General characteristics
- Type: River monitor
- Displacement: 620 tons - Standard; 720 tons - full load;
- Length: 55 m (180.4 ft)
- Beam: 10.1 m (33.1 ft)
- Draught: 1.6 m (5.2 ft)
- Propulsion: Diesel engines; Two propellers;
- Speed: 12 knots (22 km/h)
- Range: 1,350 mi (1,170 nmi; 2,170 km) (2500 km) 10 knots (19 km/h)
- Endurance: 16 days; 90 tons of fuel;
- Complement: 74
- Armament: 1 × 76mm cannon; 2 × Bofors 40 mm/ 70 automatic cannons; 6 × 20 mm Oerlikon; 2 × 81mm mortar;
- Aviation facilities: Helipad

= Brazilian monitor Parnaíba =

River monitor of the Brazilian Navy

Parnaíba (U-17) (/pt/) is a river monitor of the Brazilian Navy.
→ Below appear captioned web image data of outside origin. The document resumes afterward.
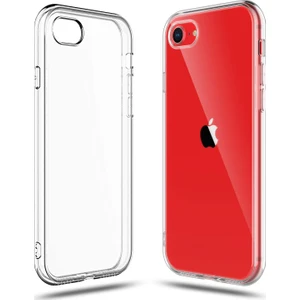 Apple iPhone Se 2020 Kılıf Şeffaf Silikon Kapak ve Ekran Koruyucu Set
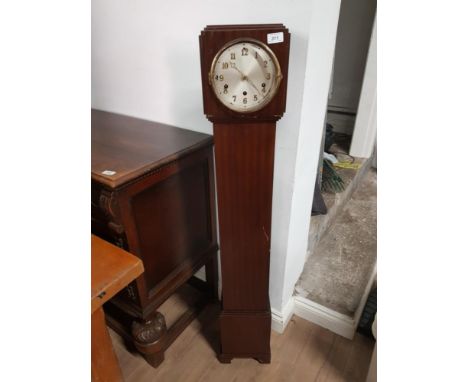 GRANDMOTHER CLOCK WITH SILVER DIAL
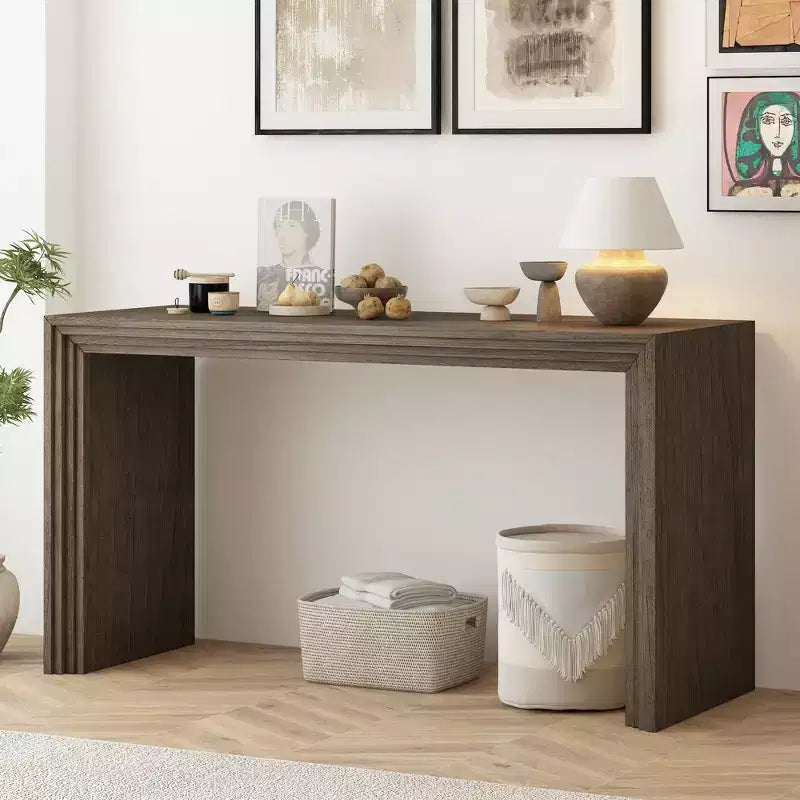 59.2W Modern Style Console Table with Paulownia Solid Wood Veneer, Suitable for Foyer, Living Room or Entryway - ModernLuxe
She is currently one of the last monitors in service.

== History ==
She was built for the navy in Rio de Janeiro and commissioned on 9 March 1938. She participated in the Second World War and is, as of 2026, one of the world's oldest commissioned warships still in active service. She is assigned to the Mato Grosso Flotilla.

During the Second World War, the ship was assigned for service in the port of Salvador, Bahia, where she underwent light escort missions and coastal patrols against the threat of German submarines, mainly because of her extremely shallow draft which in theory would let any torpedo attack pass under her without any damage to the ship. Her escort missions were mainly in coastal waters because of her poor seaworthiness in open waters, which necessitated constant repairs on the ship.

==Modernization==
She underwent a modernisation program at the Ladario Riverine Naval Base between January 1998 and 6 May 1999, during which her original reciprocating engine was replaced with diesel engines to increase her range and endurance. One of her original engines was placed on display at the Sixth Naval District's Lieutenant Maximiano Memorial Hall. A helicopter platform has been fitted over the fantail, allowing her to operate the IH-6B Bell Jet Ranger III, replacing the Eurocopter AS350.